1. La universidad, el cultivo del humanismo y la theoría. La investigación sobre las “cuestiones últimas”.
Vivimos en un mundo al que le es cada vez más extraño el cultivo del saber por el saber mismo. La ideología dominante apunta al fortalecimiento de una mentalidad baconiana: el conocimiento es concebido como know how, saber que produce cosas que pueden ser medidas, calibradas, usadas, cosas que puedan generar confort o bienestar. El saber que no reporta una utilidad inmediata a sus productores o destinatarios, o que no repercute inmediatamente en sus condiciones de vida aparece como prescindible. Si el saber no genera poder, entonces es ilusión.

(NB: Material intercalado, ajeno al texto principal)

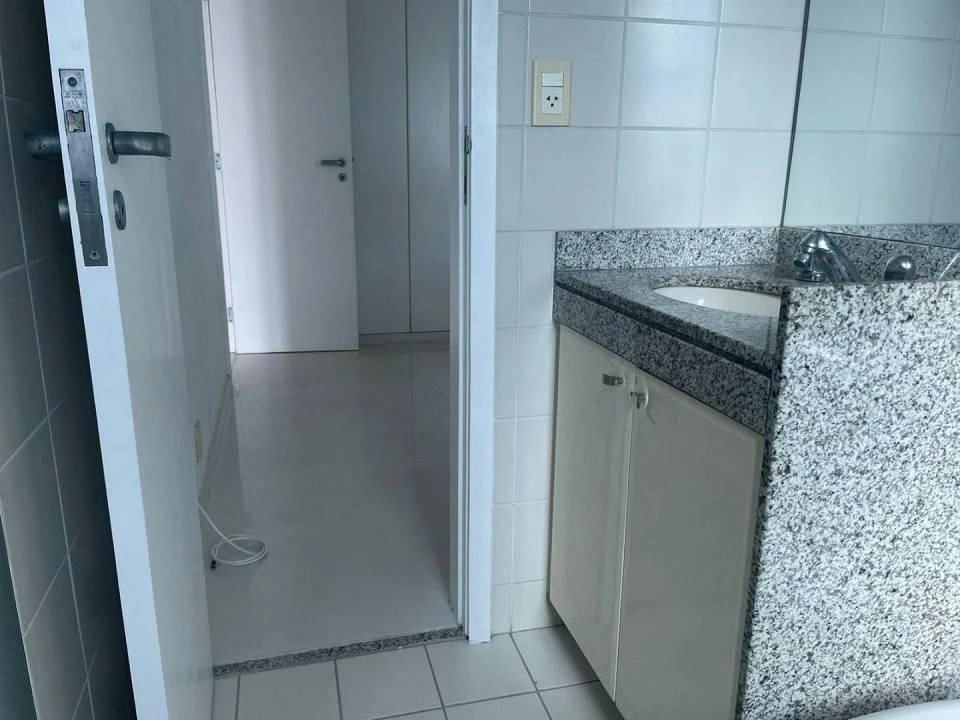 Apartment with 3 en-suite bedrooms and gas stove — photo 14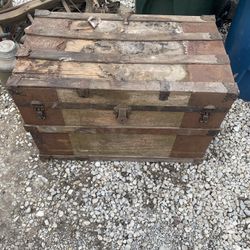 Vintage Trunk. $25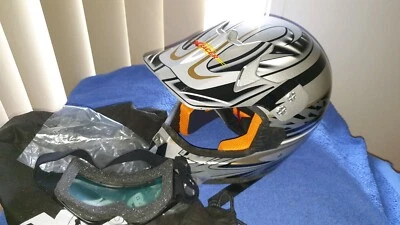 dirt bike helmets gumtree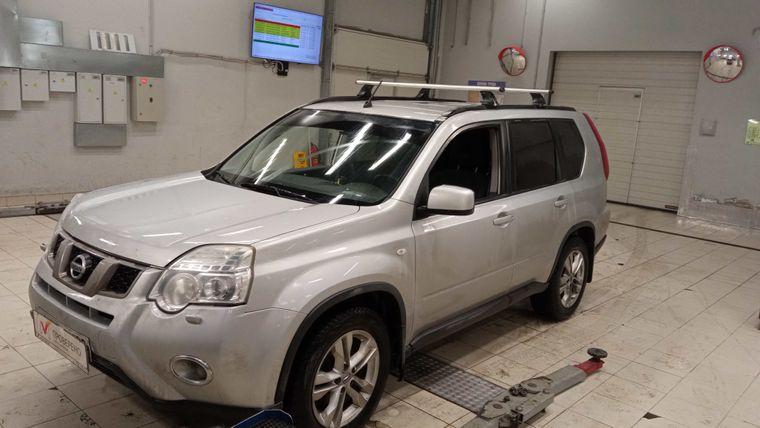 Nissan X-Trail 2012 года, 200 000 км - вид 1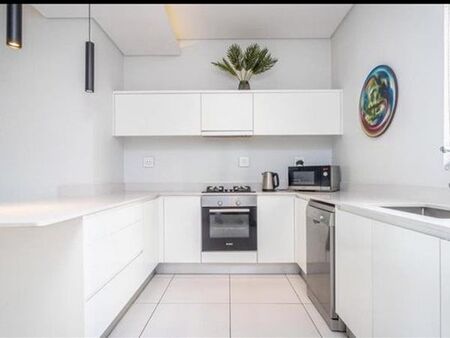 2 Bedroom Apartment in Rosebank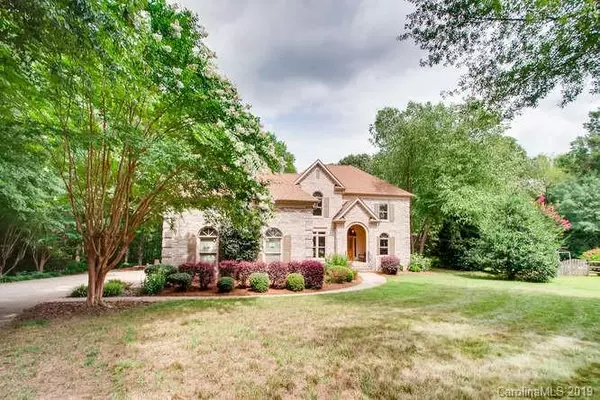 Charlotte, NC 28210,10003 Standing Stone CT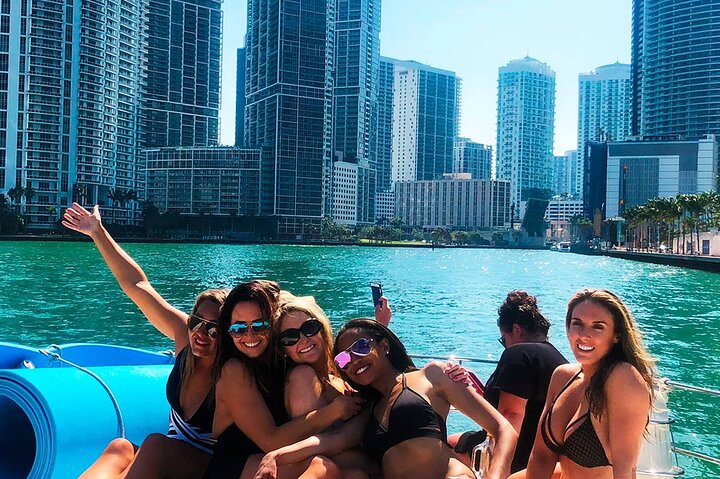 45' Yacht Tour & Party, With Captain, Enjoy Miami Beach In A Unique Way - thumb 3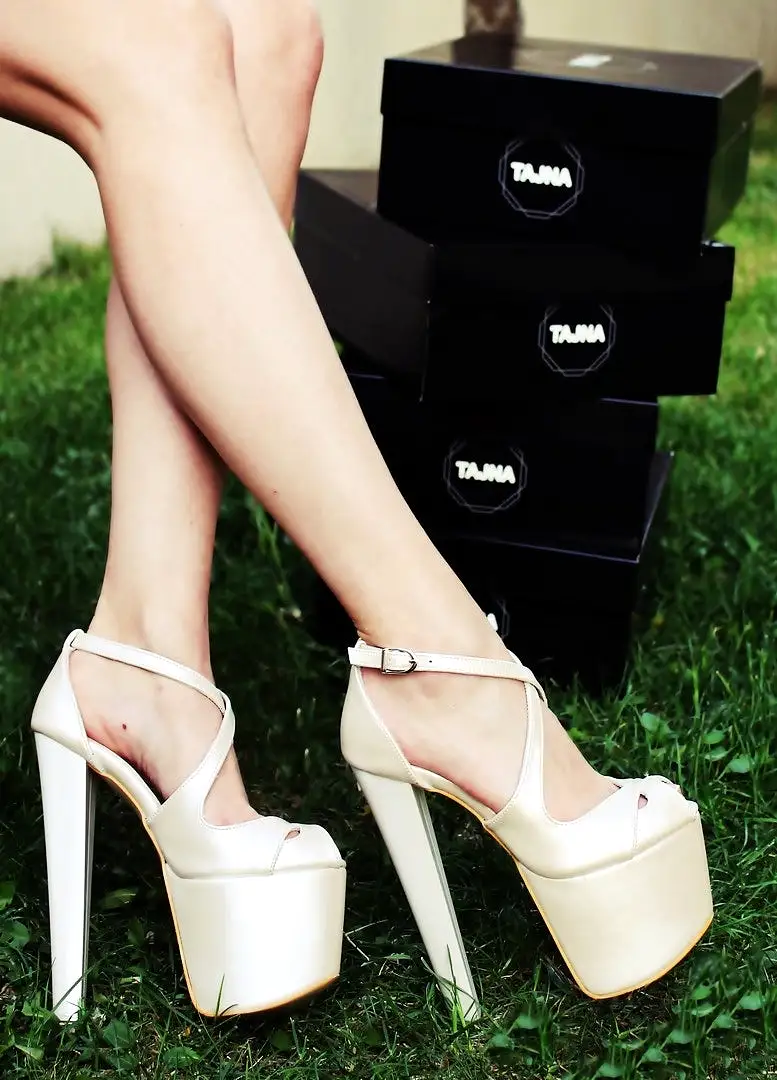 Light Cream 19 cm High Heel Platform Shoes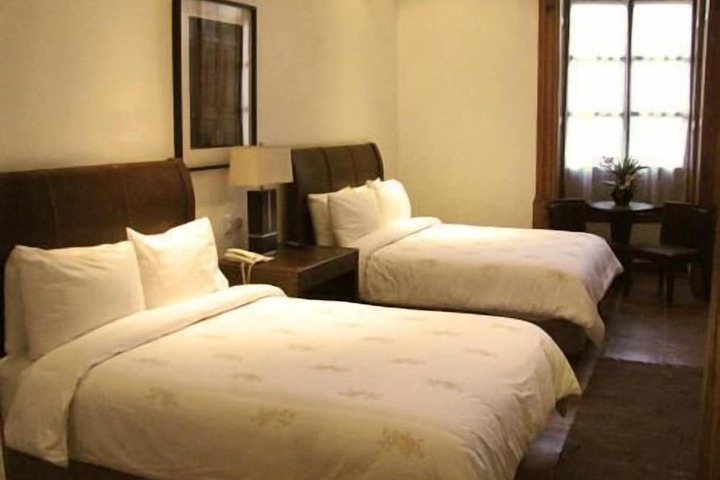 Room 6 of 52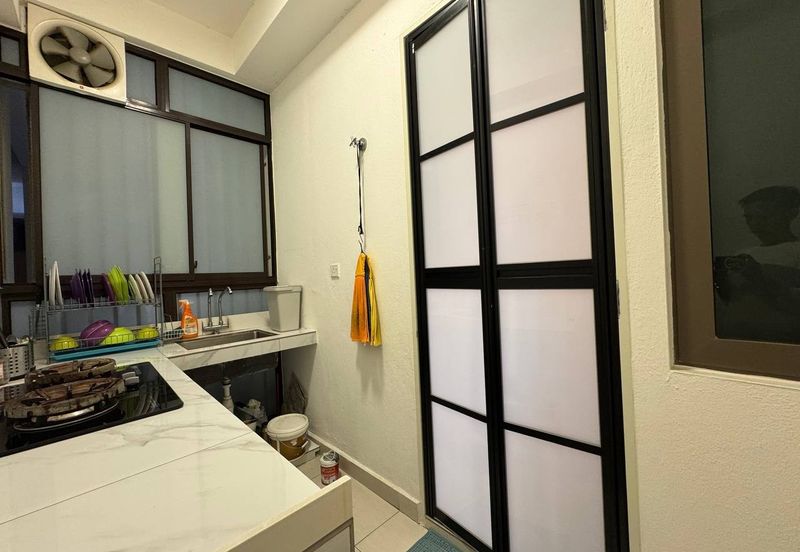 Lake Point Residence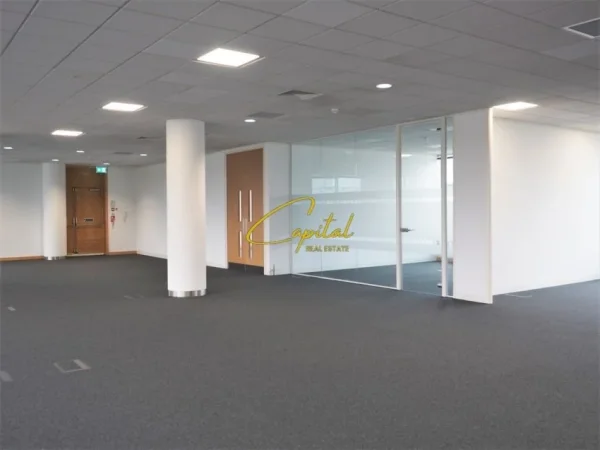 Tirane, jepet me qera zyre Kati 2, 130 m² 700 € (QENDER)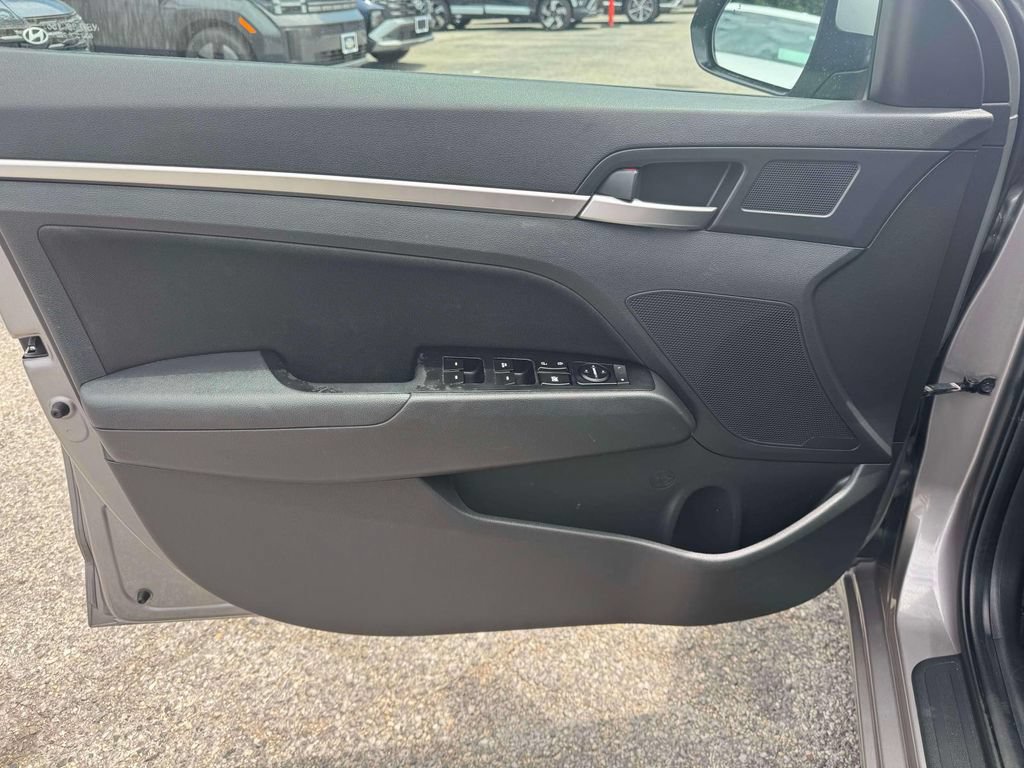Used 2020 Hyundai Elantra Value Edition w/ Cargo Package (C1) FWD image 14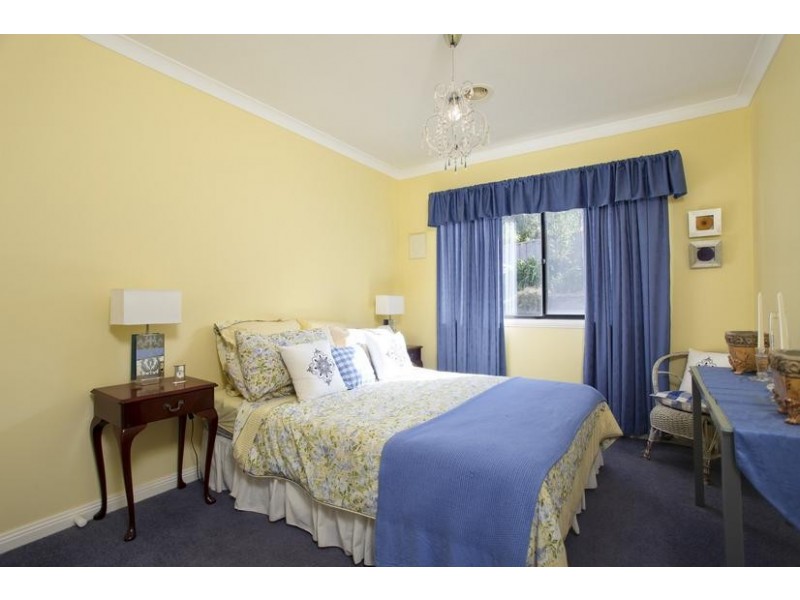 4 Golden Glade, Strathdale VIC 3550
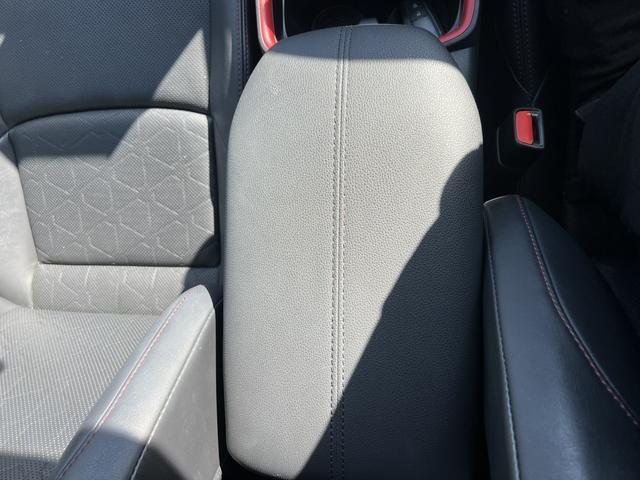 ＲＡＶ４ アドベンチャー　オフロードパッケージ　ＴＲＤ（Ｆ・Ｒ）・バックカメラ・ブラインドスポットモニタ・デジタルインナーミラー・純正ディスプレイオーディオ・ハンドルヒーター・シートベンチレーション・ステアリングリモコン・１００Ｖコンセント・ＥＴＣ（19枚目）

No siempre se pensó así. Hace mucho tiempo, Aristóteles sostenía – como muchos pensadores griegos antes que él – que el tipo de saber más alto (que él caracterizaba como la ciencia que se busca), encontraba en sí mismo su propio fin. En lugar de someterse a objetivos externos a ella, la sabiduría era perfecta y suficiente (autarkés).En uno de los pasajes iniciales de la Metafísica, Aristóteles señalaba que “entre las ciencias, pensamos que es más Sabiduría (sophía) la que se elige por sí misma y por saber, que la que se busca a causa de sus resultados”[2]. El saber mismo era su propio objetivo y realización; por ello era la ciencia libre. Esta clase de conocimiento buscaba la contemplación (theoría) de lo más universal y esencial, común a todas las cosas. De acuerdo con esta concepción, la búsqueda del saber es intrínsecamente provechosa, ella nos convierte en seres más autoconscientes, y por lo tanto, en agentes más libres.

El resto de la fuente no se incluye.